*Given data:*
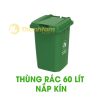 Thùng rác nhựa 60 lít nắp kín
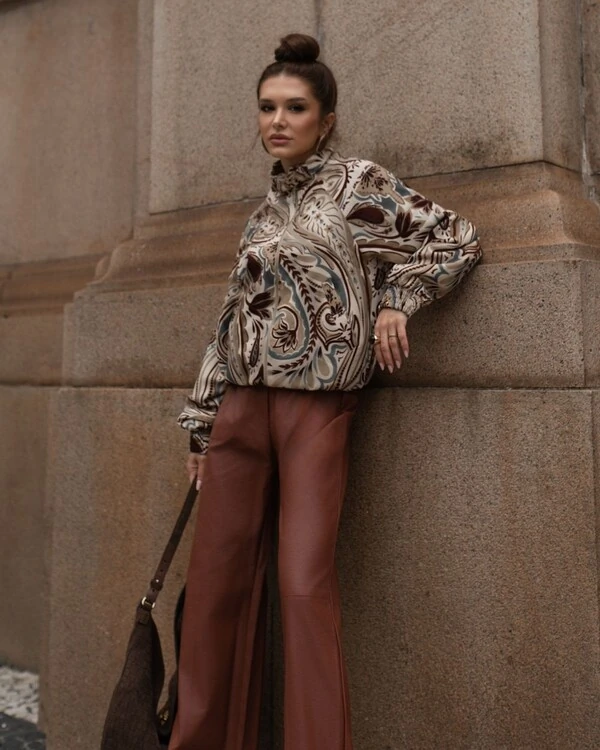 Jaqueta Bomber Estampada Naomi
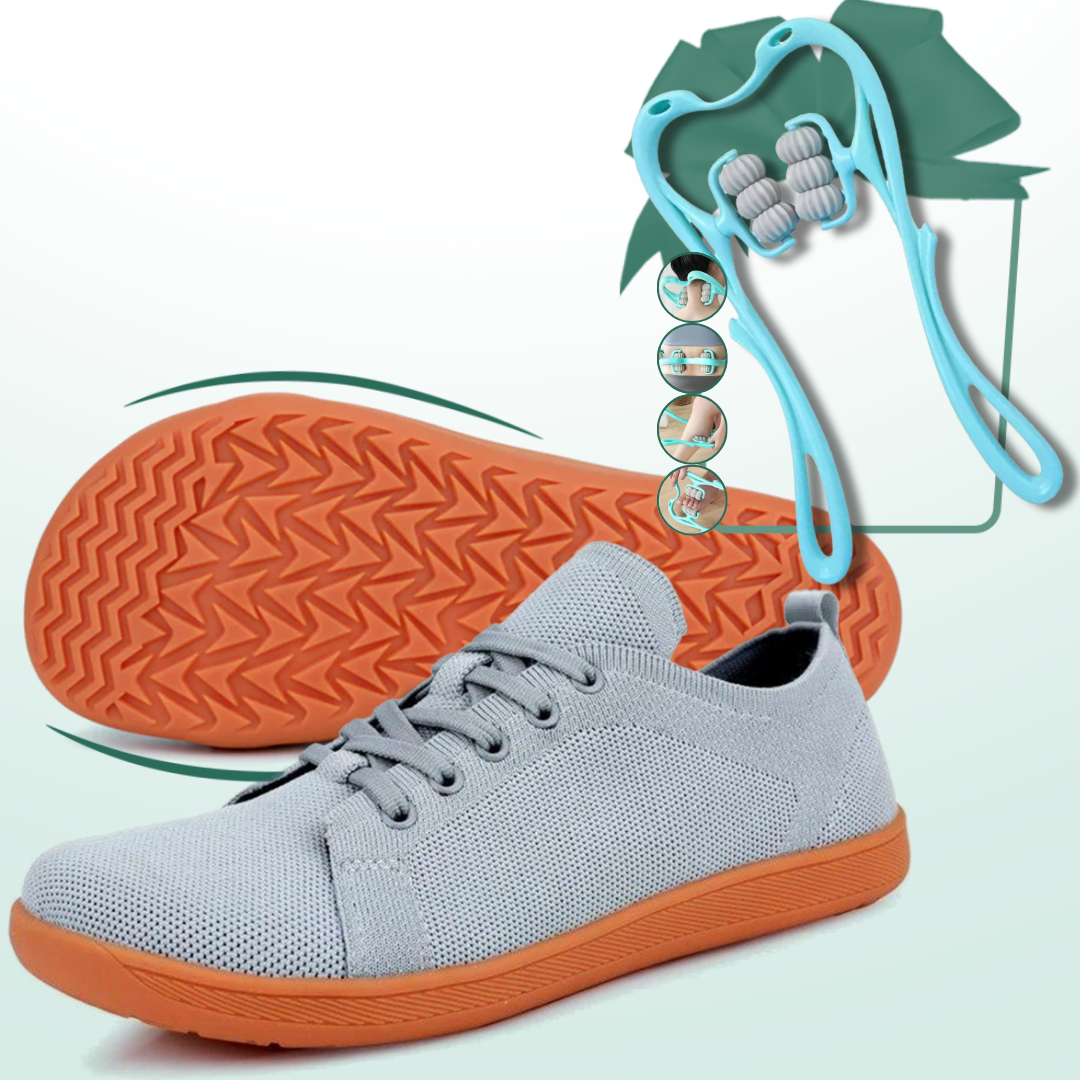 Lorry Vamp Barfußschuhe Knit Hellgrau - Schuhtraum und Handheilung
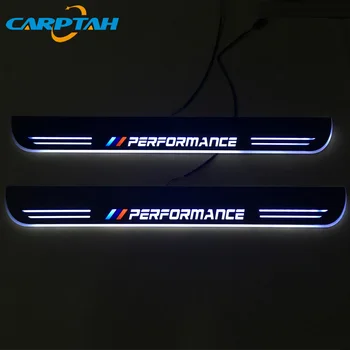 CARPTAH Apdaila Pedalo Automobilių Eksterjero Dalys, LED Durų Slenksčio Nusitrinti Plokštė Kelias Dinaminis Streamer šviesos BMW F10 F18 5Series 2010-m.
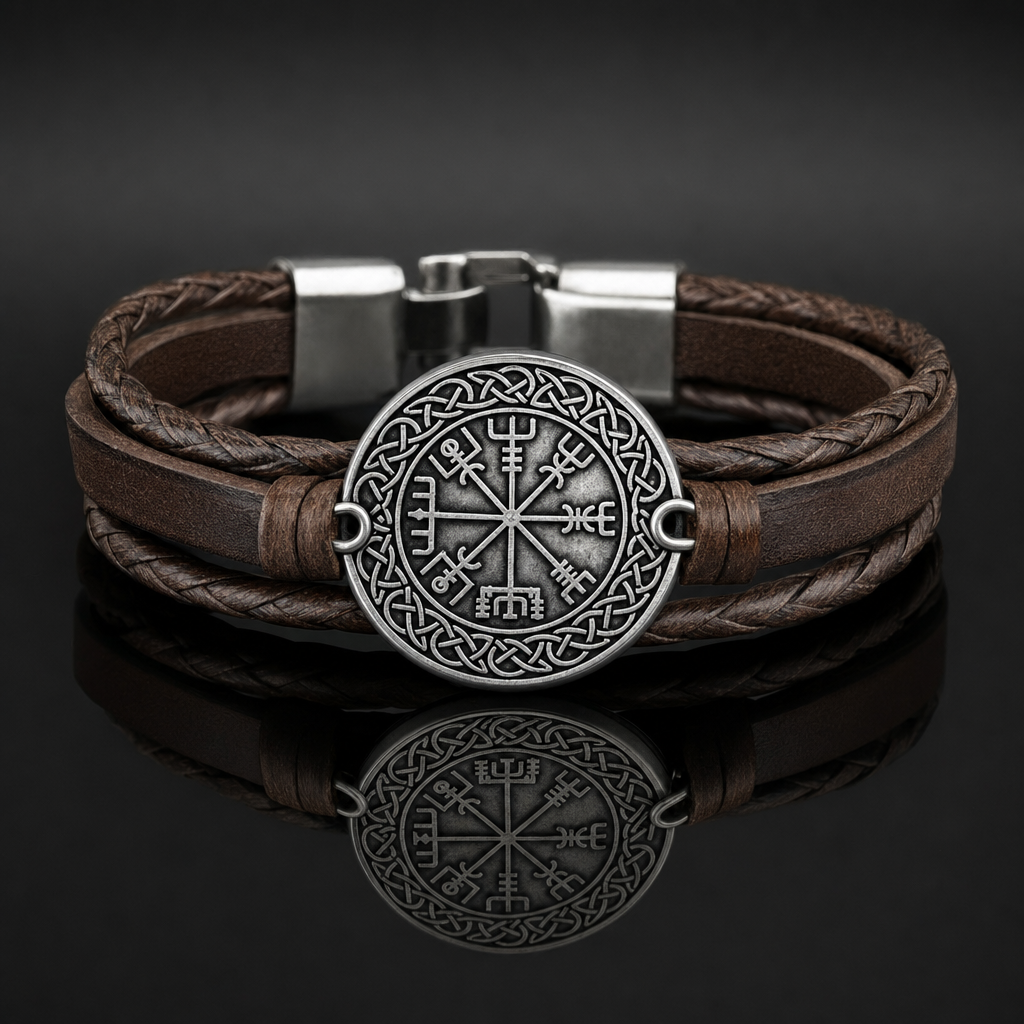 Web of Wyrd Leather Wrap Bracelet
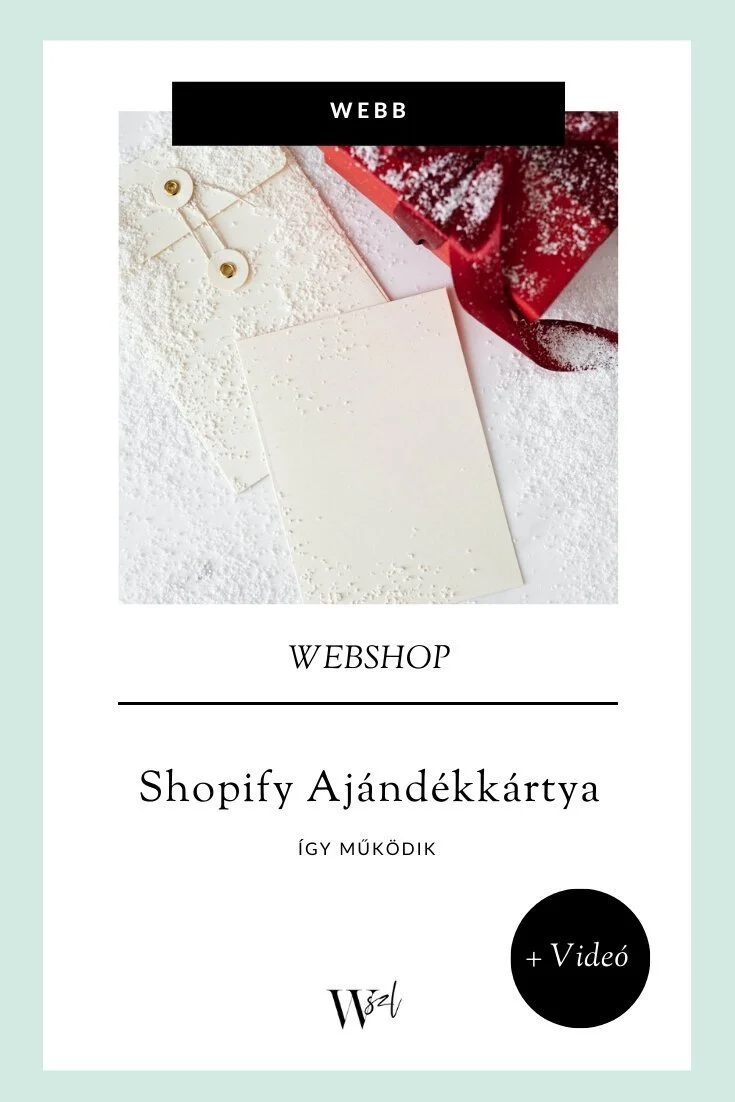 Shopify Ajándékkártya - így működik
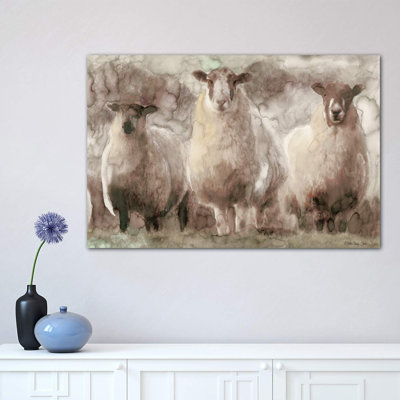 Trois moutons - reproduction d'art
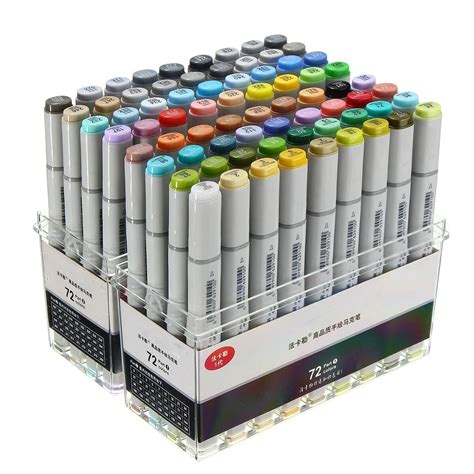 72 Colors Mark Pen Design Paint Sketch Markers Drawing Soluble Pen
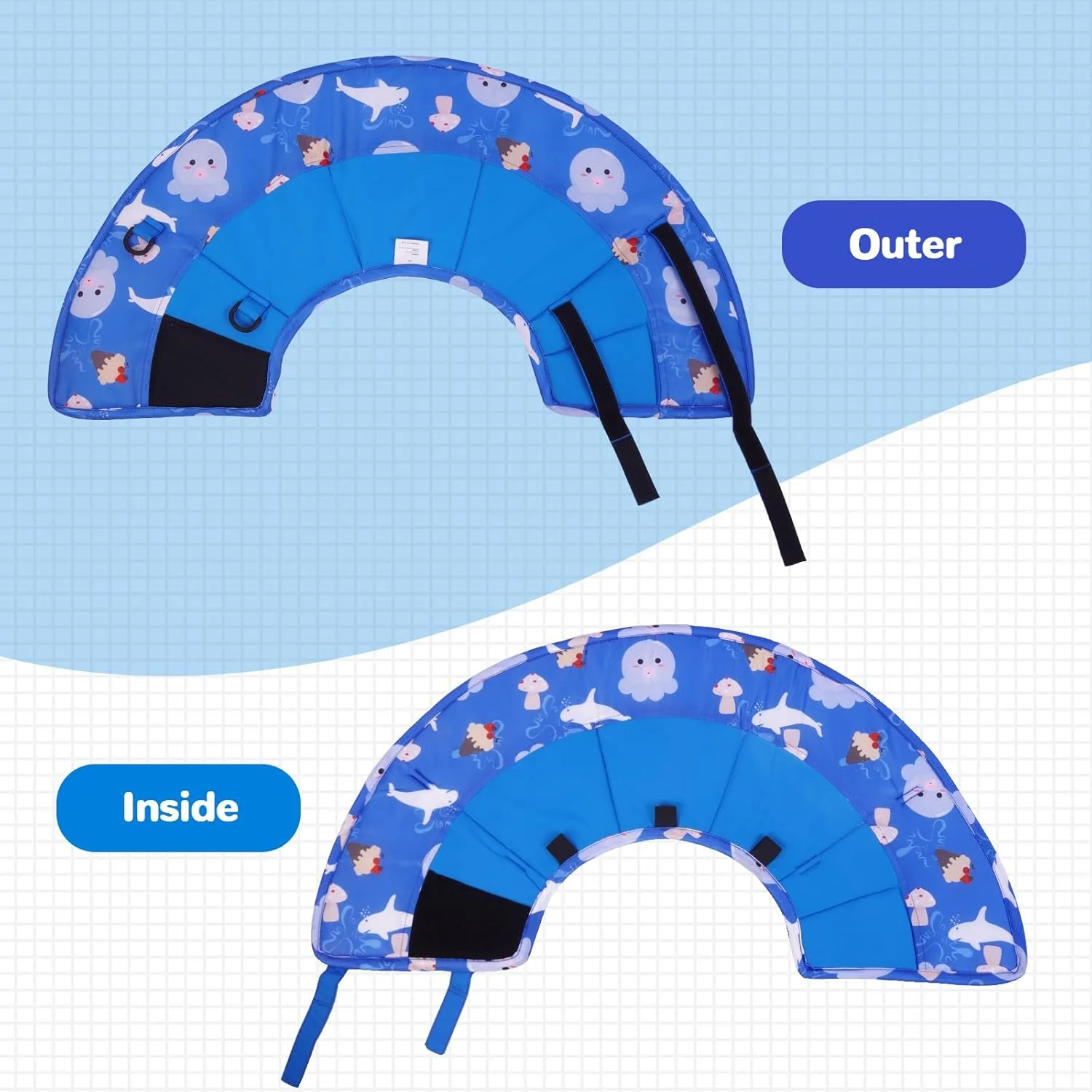 قلاده سگ - قلاده نرم و قابل تنظیم سگ برای محافظت در برابر لیسیدن، ضد آب، محافظت از آسیب ها یا زخم ها، لیسیدن یا خراش (آبی تیره XL) قلاده سگ - قلاده نرم و قابل تنظیم سگ برای محافظت در برابر لیسیدن، ضد آب، محافظت از آسیب ها یا زخم ها، لیسیدن یا خراش (آبی تیره XL)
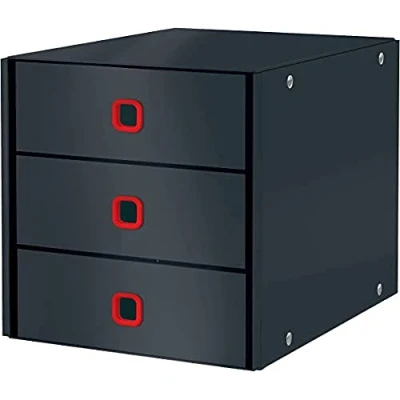 Afbeelding van Leitz Click &amp; Store Cosy Ladenblok, 3 Laden, Grijs Ladenblok
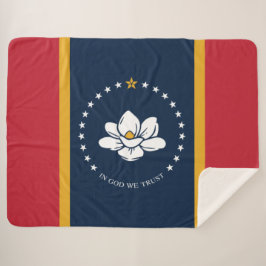 Cobertor Sherpa Nova bandeira do Mississípi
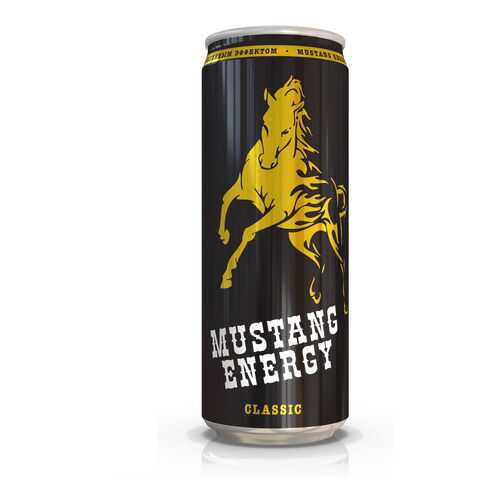 Mustang Energy Энергетический напиток Mustang Energy, Classic, 0,5 в ЕКА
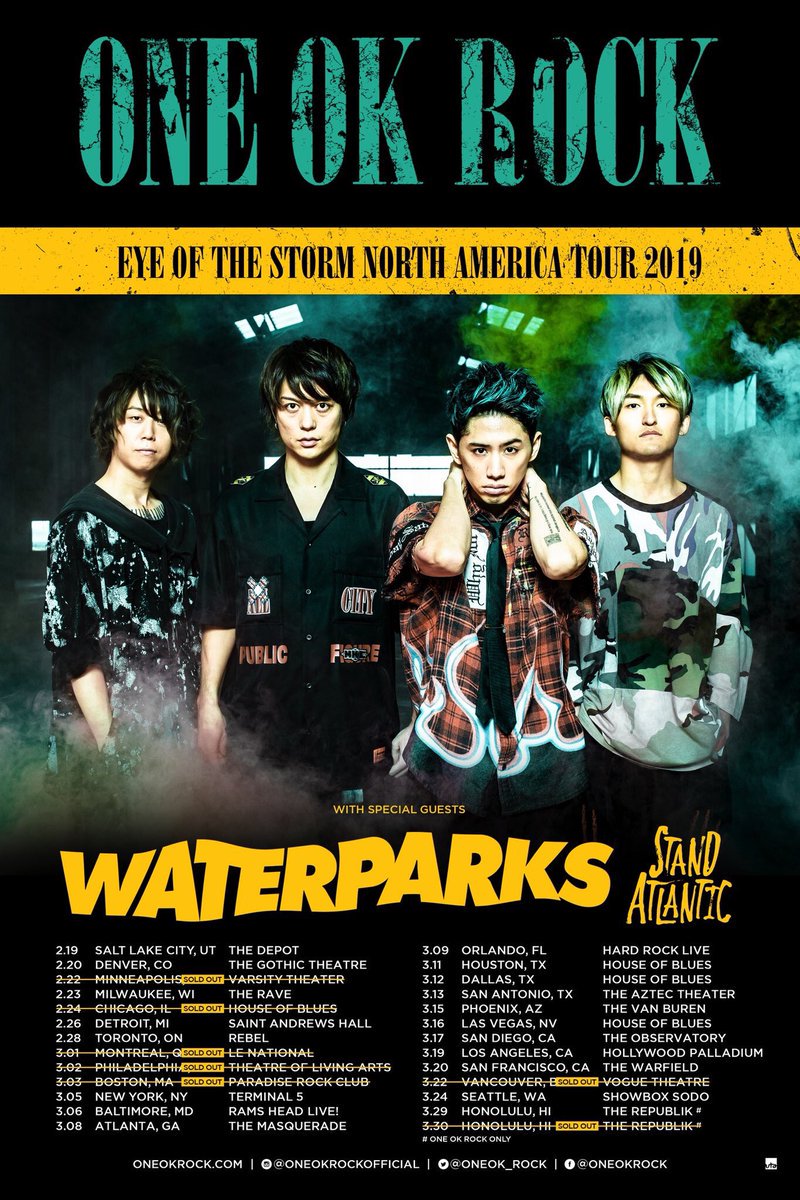 fcqq12's tweet photo. Have two tickets for Tonight Vancouver One Ok Rock show. DM or comment if interest. 

ワンオクのバンクーバー公演のチケットを1〜2枚持っています。友達急に行けないのでチッケト探してる方dm くだ���い。

#拡散希望 #ONEOKROCK #BC #canada #Vancouver #VOGUETHEATRE https://t.co/0jdgNH5Hpn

*Prompt:* All that belongs in the answer is the exact run of lines from the line containing "Jaqueta Bomber Estampada Naomi" to the end of the listing above, pictures removed.

*Solution to this exercise:*
 Jaqueta Bomber Estampada Naomi
 Lorry Vamp Barfußschuhe Knit Hellgrau - Schuhtraum und Handheilung
 CARPTAH Apdaila Pedalo Automobilių Eksterjero Dalys, LED Durų Slenksčio Nusitrinti Plokštė Kelias Dinaminis Streamer šviesos BMW F10 F18 5Series 2010-m.
 Web of Wyrd Leather Wrap Bracelet
 Shopify Ajándékkártya - így működik
 Trois moutons - reproduction d'art
 72 Colors Mark Pen Design Paint Sketch Markers Drawing Soluble Pen
 قلاده سگ - قلاده نرم و قابل تنظیم سگ برای محافظت در برابر لیسیدن، ضد آب، محافظت از آسیب ها یا زخم ها، لیسیدن یا خراش (آبی تیره XL) قلاده سگ - قلاده نرم و قابل تنظیم سگ برای محافظت در برابر لیسیدن، ضد آب، محافظت از آسیب ها یا زخم ها، لیسیدن یا خراش (آبی تیره XL)
 Afbeelding van Leitz Click &amp; Store Cosy Ladenblok, 3 Laden, Grijs Ladenblok
 Cobertor Sherpa Nova bandeira do Mississípi
 Mustang Energy Энергетический напиток Mustang Energy, Classic, 0,5 в ЕКА
 fcqq12's tweet photo. Have two tickets for Tonight Vancouver One Ok Rock show. DM or comment if interest. 

ワンオクのバンクーバー公演のチケットを1〜2枚持っています。友達急に行けないのでチッケト探してる方dm くだ���い。

#拡散希望 #ONEOKROCK #BC #canada #Vancouver #VOGUETHEATRE https://t.co/0jdgNH5Hpn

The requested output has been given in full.